As I mentioned in my introductory message, I am specifically interested in the security model of components loaded cross-origin - do they get complete control of the application / DOM into which they are loaded?  Does an application have any ability to restrict or explicitly pass capabilities to a cross-origin component?

-Brad Hill

> -----Original Message-----
> From: Arthur Barstow [mailto:art.barstow@nokia.com]

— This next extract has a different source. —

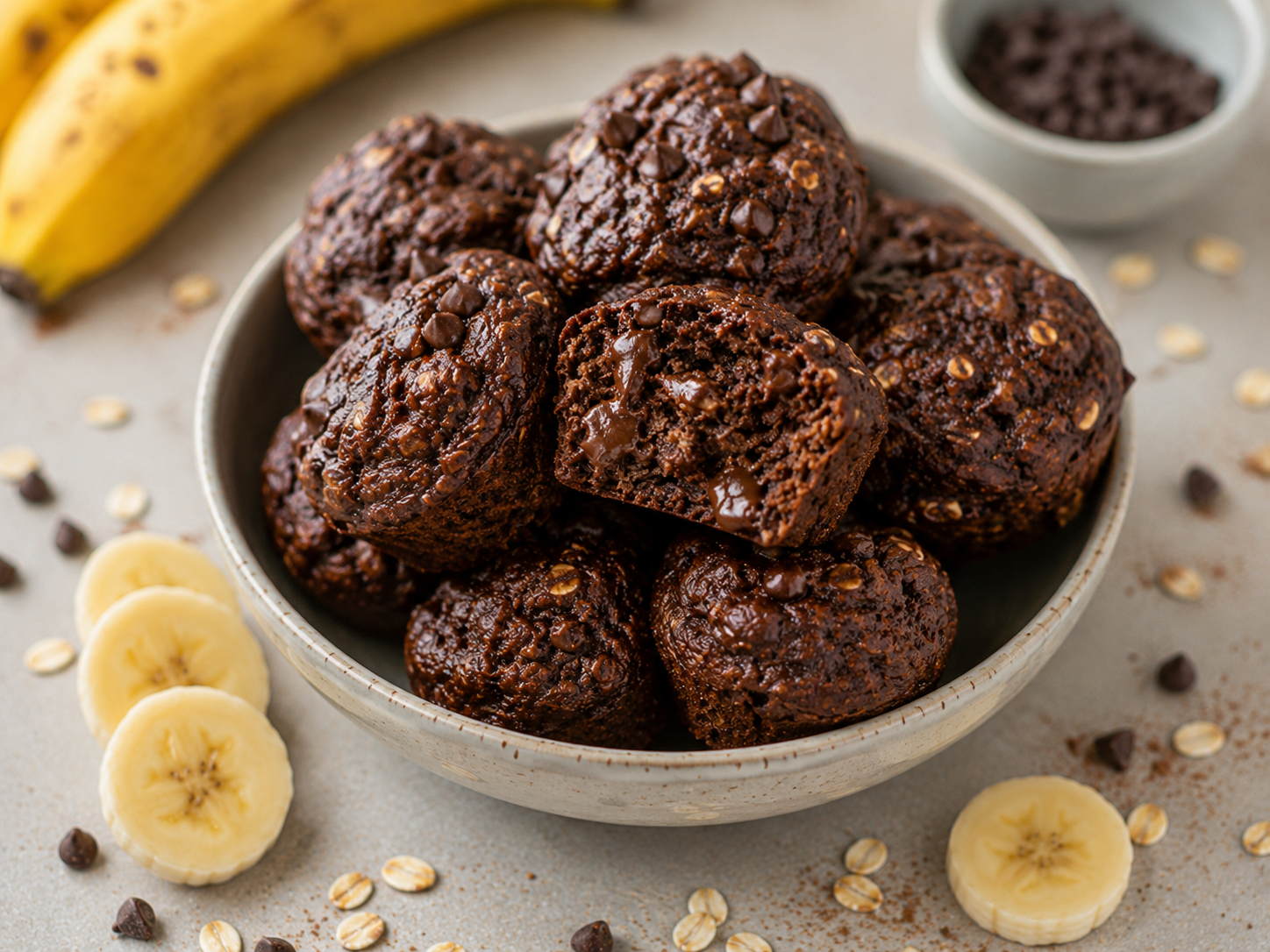 Chocolate Banana Protein Muffin Bites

> Sent: Friday, March 15, 2013 7:20 AM
> To: Hill, Brad; Dimitri Glazkov
> Cc: public-webappsec@w3.org; public-webapps
> Subject: Re: security model of Web Components, etc. - joint work with
> WebAppSec?
> 
> On 3/14/13 8:16 PM, ext Charles McCathie Nevile wrote:
> > On Thu, 14 Mar 2013 18:15:14 +0100, Dimitri Glazkov
> > <dglazkov@chromium.org> wrote:
> >
> >> On Thu, Mar 14, 2013 at 7:10 AM, Hill, Brad <bhill@paypal-inc.com>
> >> wrote:
> >>
> >>> Is there time available on the April F2F agenda for discussion of this?

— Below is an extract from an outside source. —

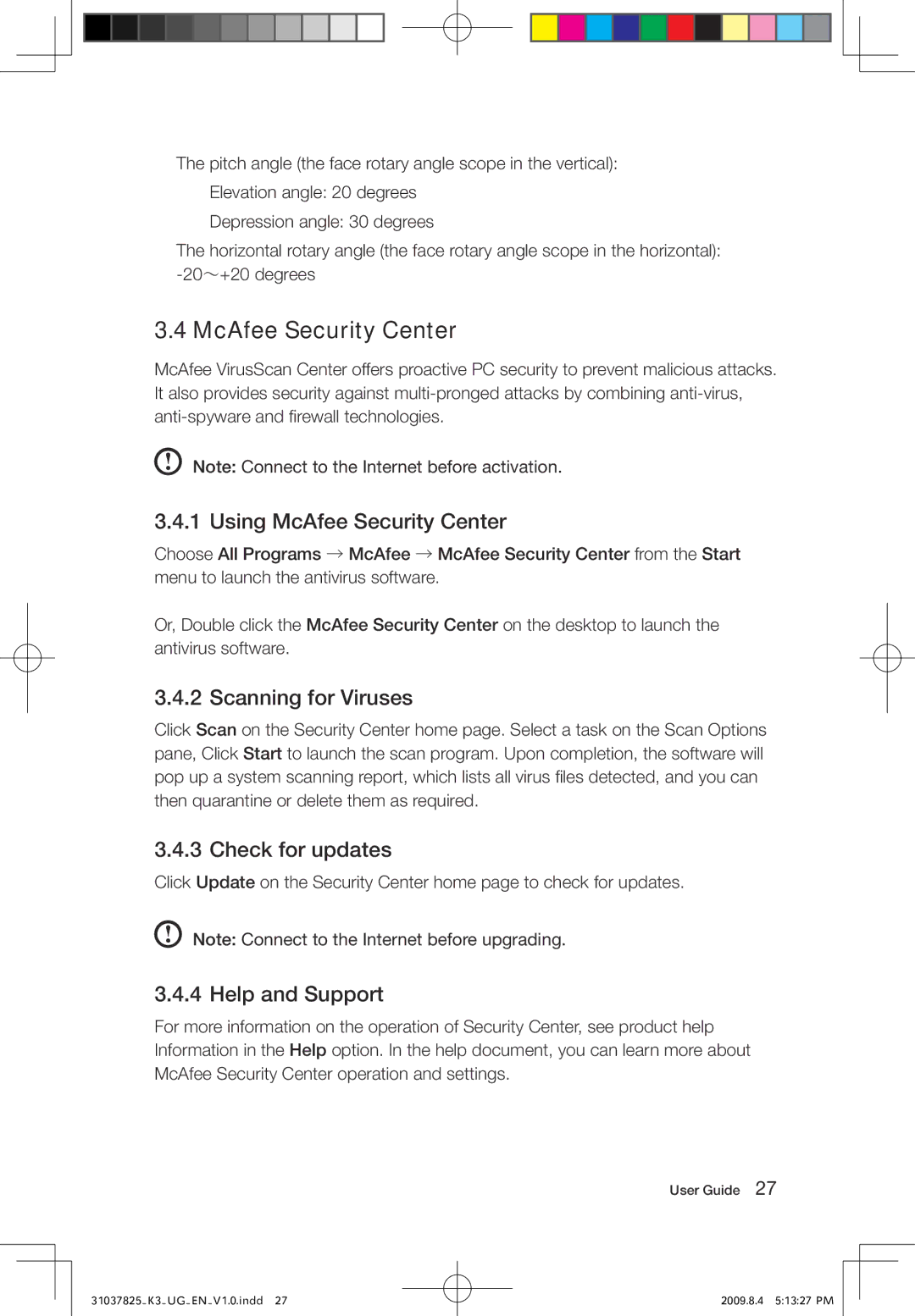 Lenovo 53161BU, K3 manual Using McAfee Security Center, Scanning for Viruses, Check for updates, Help and Support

> >>> If not in WebApps, would relevant WG members be willing to join us
> >>> if we found time to discuss in WebAppSec's timeslot Thursday or
> >>> Friday?
> >>>
> >> http://www.w3.org/wiki/Webapps/April2013Meeting#Potential_Topics
> >> Shows agenda wide open so far. Should we just plop something into one
> >> of the slots?
> >
> > Yep, that's a reasonable thing to do...
> 
> I allocated a slot for the joint meeting on Thursday from 2:30-3:00. If anyone
> thinks more time is needed, please speak up.
> 
> Please use public-webapps@w3.org for _all_ Web Components discussions and
> I encourage feedback, comments, etc. in _advance_ of the meeting.
> 
> FYI Brad, Dimitri and the Editors have created a suite of Web Components
> specs. The set of specs that have already been published is:
> 
> * Web Components Introduction
> <http://dvcs.w3.org/hg/webcomponents/raw-file/tip/explainer/index.html>
> 
> * HTML Templates
> <http://dvcs.w3.org/hg/webcomponents/raw-
> file/tip/spec/templates/index.html>
> 
> * Shadow DOM
> <http://dvcs.w3.org/hg/webcomponents/raw-file/tip/spec/shadow/index.html>
> 
> There is at least one unpublished ED (not sure if this is ready yet for security
> review):
> 
> * Web Components (<link rel=components> and Components API)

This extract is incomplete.